Elysée presidential palace sources also indicated they are desperate to prop up the FLN—because of intelligence and logistical aid it offers to French wars in Mali and the broader Sahel, and to limit opposition in France’s three million-strong Algerian community. They intend to make no concessions to popular opposition to Bouteflika.
One source told Nouvel Obs: “France and the president cannot be indifferent to anything occurring in Algeria. The stakes for us are considerable. With Algeria, our historical, economic, and security ties are very deep. France has interests there, it also has a large Algerian and Franco-Algerian population. So for us the stability of Algeria is a major issue, especially given the geographic proximity and human ties between the two states. And then there is the security issue, including on the regional level. We need cooperation with Algeria to struggle against terror groups in the Sahel.”
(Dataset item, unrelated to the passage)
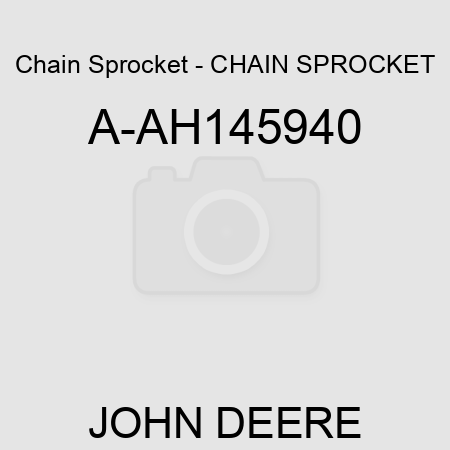Chain Sprocket - CHAIN SPROCKET A-AH145940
The way forward for workers entering into struggle with the FLN regime is to orient to the upsurge of the international working class. The social and democratic demands of workers across the Maghreb cannot be met without an expropriation of the ruling class, including the Algerian regime’s vast oil and gas wealth, on an international scale. This requires a conscious struggle for socialism against capitalism, imperialism and war, and a ruthless break with all the forces that have worked for decades to tie workers and youth in Algeria to the FLN.
The best allies of Algerian workers in struggle against the FLN regime are the workers in Europe and around the world entering into struggle. The key element in this struggle is the fight to draw a balance sheet of past revolutionary upsurges and the fresh experiences of struggle today. The events in Algeria raise directly the response of the ICFI to the initial upsurge of the working class in Tunisia in 2011.
In its 17 January 2011 statement, “The mass uprising in Tunisia and the perspective of permanent revolution,” it warned:
The Tunisian masses, however, are at only the initial stages of their struggle. As is already clear from the continuation of military violence under the new interim president, the working class faces immense dangers. The crucial question of revolutionary program and leadership remains unresolved. Without the development of a revolutionary leadership, another authoritarian regime will inevitably be installed to replace that of Ben Ali.
The turn now is to building sections of the ICFI in Algeria and across the Mediterranean and the world to offer political leadership to the growing international movement of the working class.